Given data below:

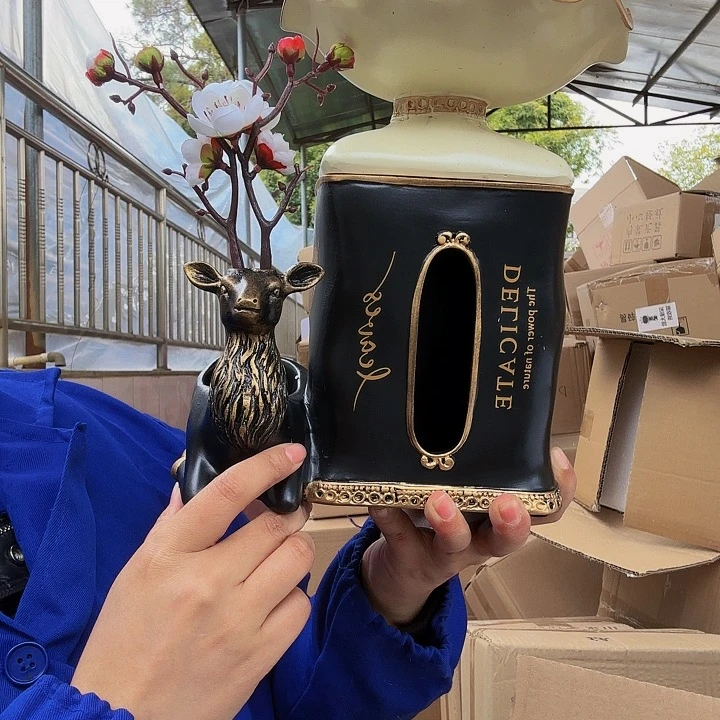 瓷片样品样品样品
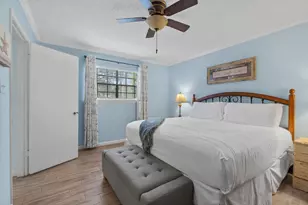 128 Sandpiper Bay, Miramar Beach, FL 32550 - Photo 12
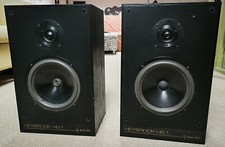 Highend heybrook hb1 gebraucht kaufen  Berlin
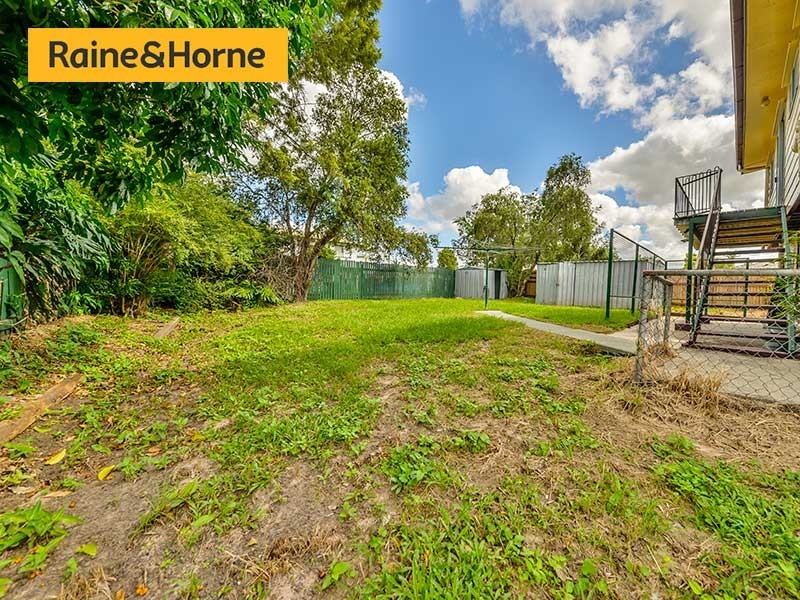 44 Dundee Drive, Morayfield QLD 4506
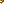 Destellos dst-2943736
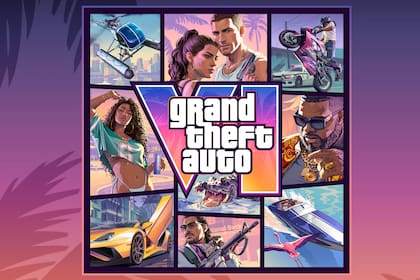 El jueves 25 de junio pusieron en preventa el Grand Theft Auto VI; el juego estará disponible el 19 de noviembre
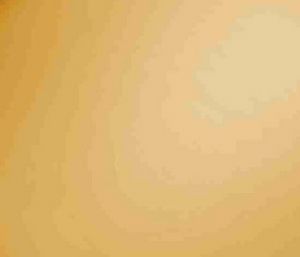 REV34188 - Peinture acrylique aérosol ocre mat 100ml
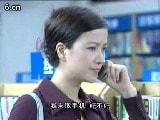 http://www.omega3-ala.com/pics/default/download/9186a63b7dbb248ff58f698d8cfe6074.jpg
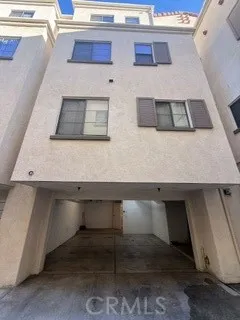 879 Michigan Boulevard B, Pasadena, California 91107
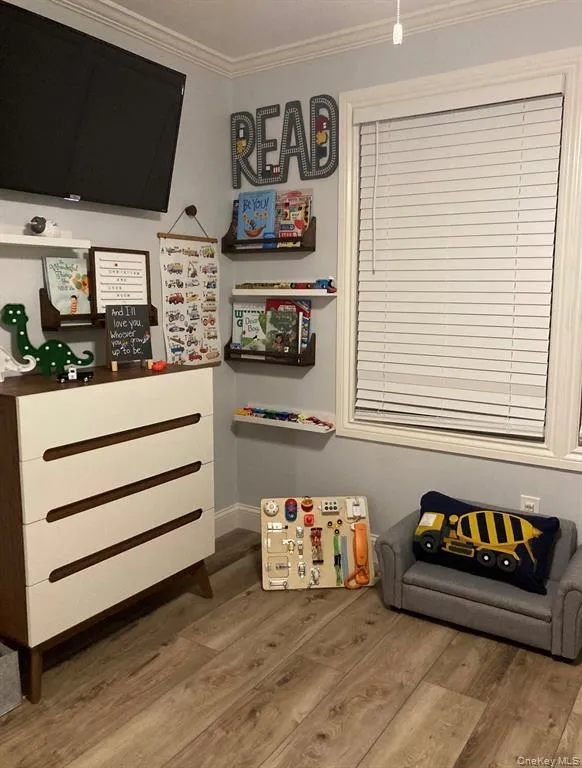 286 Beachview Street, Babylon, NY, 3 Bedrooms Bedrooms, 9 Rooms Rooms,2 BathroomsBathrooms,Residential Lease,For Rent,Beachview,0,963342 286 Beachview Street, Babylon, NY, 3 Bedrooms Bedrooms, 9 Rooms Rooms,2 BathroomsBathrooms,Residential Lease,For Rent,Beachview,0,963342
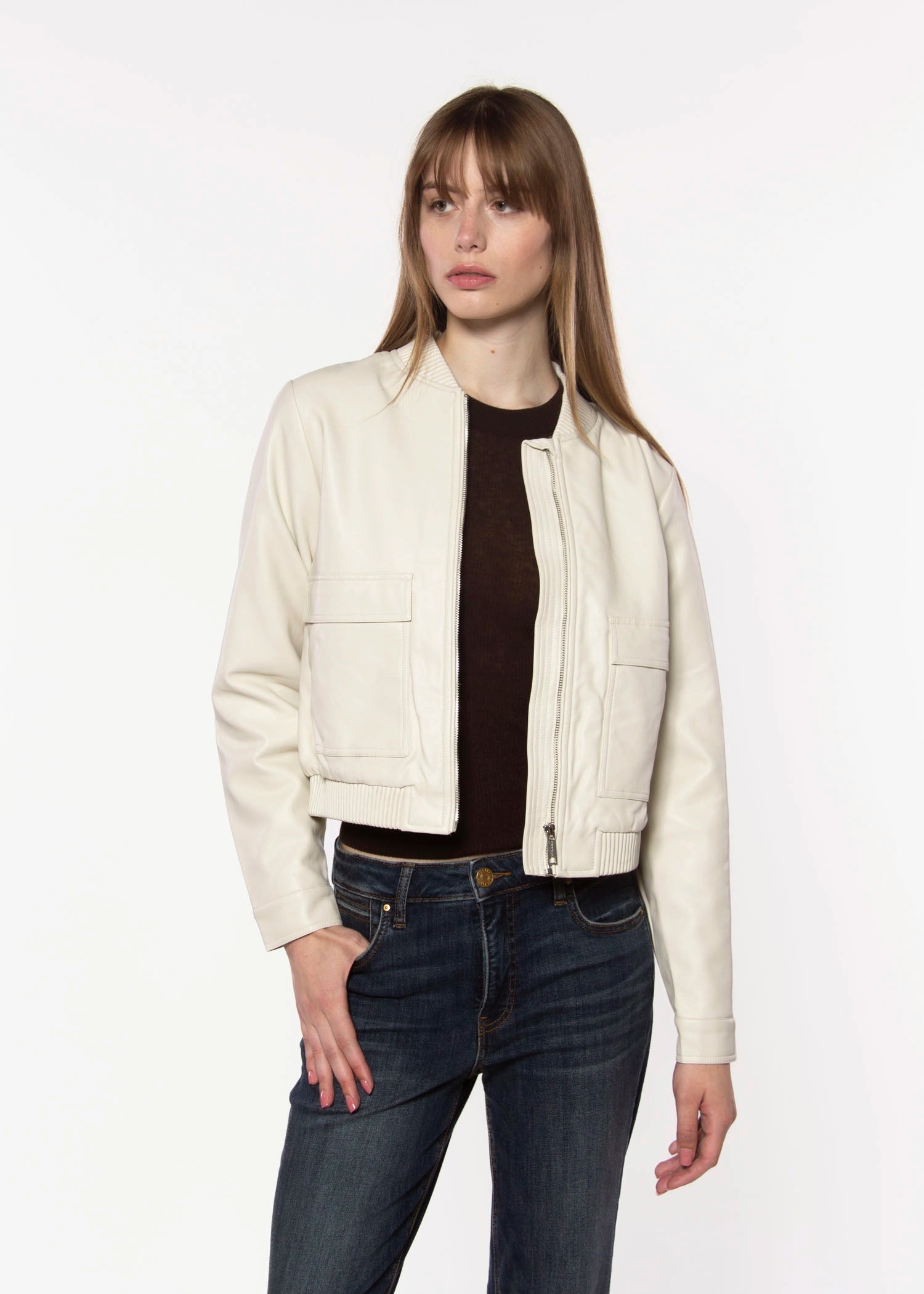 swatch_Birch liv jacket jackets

End of Given data.

■ What is needed
Extract the part of the records that opens with the line containing "44 Dundee Drive, Morayfield QLD 4506" and closes with the line containing "879 Michigan Boulevard". Take only those lines, exactly, and no pictures.

■ Exercise result
 44 Dundee Drive, Morayfield QLD 4506
 Destellos dst-2943736
 El jueves 25 de junio pusieron en preventa el Grand Theft Auto VI; el juego estará disponible el 19 de noviembre
 REV34188 - Peinture acrylique aérosol ocre mat 100ml
 http://www.omega3-ala.com/pics/default/download/9186a63b7dbb248ff58f698d8cfe6074.jpg
 879 Michigan Boulevard B, Pasadena, California 91107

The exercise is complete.